Politics & Government

Commission Suggests Lowering Some Taxes, Raising Others

A state commission laid out proposals that will be considered by the state legislature to get Connecticut back on track.

HARTFORD, CT — The state Commission on Fiscal Stability and Economic Growth has recommended a number of tax and other changes in order to grow the state’s economy.

The commission suggested a revenue-neutral method for shifting taxes that would involve reducing income taxes, raises some business taxes, raising the state sales tax and reducing certain tax reductions and exemptions.

Under the plan a single filer earning $60,000 annually would see a $530 drop in income taxes and pay $110 more in sales tax.

Gov. Dannel Malloy thanked the commission members for their hard work to take a critical look at Connecticut's practices.

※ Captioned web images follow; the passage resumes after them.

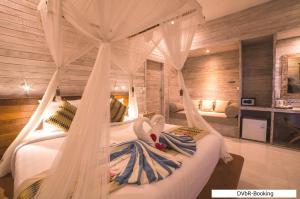 a bedroom with a bed with a mosquito net at Dayung Villas By Reccoma in Nusa Lembongan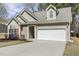 Charming single-Gathering home featuring neutral siding, attached two-car garage, and manicured landscaping at 1709 Heisser Ln, Fuquay Varina, NC 27526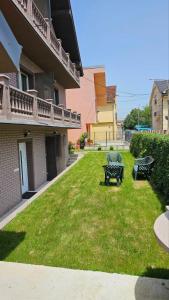 um pátio com uma mesa e cadeiras num quintal em Garden apartmani em Jagodina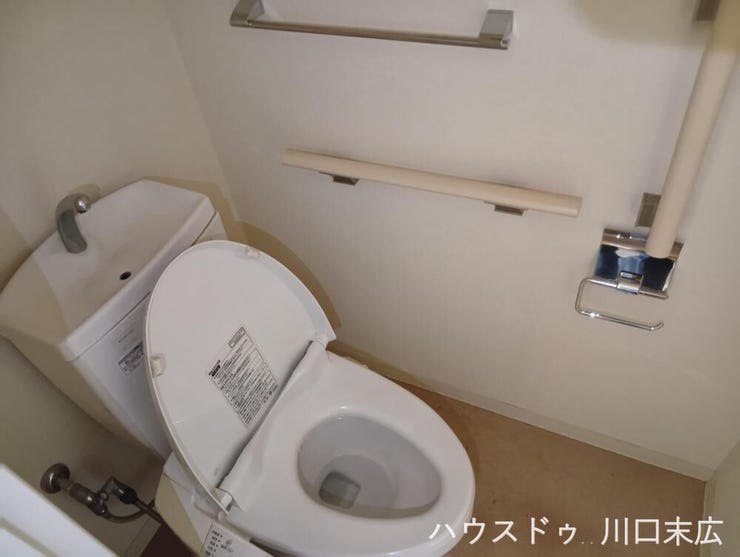 スタイリッシュな手洗い付きの温水洗浄便座を備えたトイレ。手すりを完備しており、安全に配慮された機能的なサニタリー空間です。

"The fact is, this commission’s report presents Connecticut with an opportune moment to engage in a meaningful conversation about bold ideas for growing our economy and building stronger communities where people want to live and work – now and into the future," he said.

The argument was also made to increase the minimum wage to $15 per hour by 2022.

Connecticut’s economy has been shrinking and is smaller than what it was in 2004, while neighboring states are seeing economic expansion. The Beacon Hill Institute found that Connecticut went from being the 8th most competitive state for doing business in 2001 to 43rd in 2016.

Connecticut’s problems are compounded as households that are migrating to Connecticut earn $30,000 less than those leaving the state.

Although the state is located between New York City and Boston it doesn’t take advantage.
“Connecticut does not leverage this advantage because partial rail service is not rapid enough to commute to Manhattan from outside of Fairfield County and the highways are too congested for regular commutes to either New York or Boston,” the commission said in its report.

Taxes

The commission argued to drop the income tax by 18 percent for the top bracket and similar or greater amounts in lower brackets. In exchange the sales tax would go from 6.35 percent to 7.25 percent.

Connecticut’s sale tax is lower than the U.S. average while its corporate and personal income tax is higher than average. Property and estate taxes are also higher than average.

Estate and gift taxes would be eliminated. Municipalities would have the authority to levy a .5 percent sales tax under the proposal.

For businesses a tiered payroll tax would have the largest companies paying a .8 percent tax, but the first nine employees wouldn’t count and a credit would cover half the tax for the next 10 through 99 employees.

The commission also urged the legislature to pass a 7-cent gas tax increase over a period of years.

Cost Control

Commission members argued to allow the legislature to set retiree and health benefit formulas for state employees when the current SEBAC contract expires in 2027. It is currently done through collective bargaining, which is an uncommon practice across states.

The commission also suggested coming up with $1 billion in cost reductions annually through the executive branch.

Another proposal involves combining the legislative committees that deal with spending and revenue into one. The commission noted that available revenue should determine spending, but the two committees don’t meet together or work from a common script.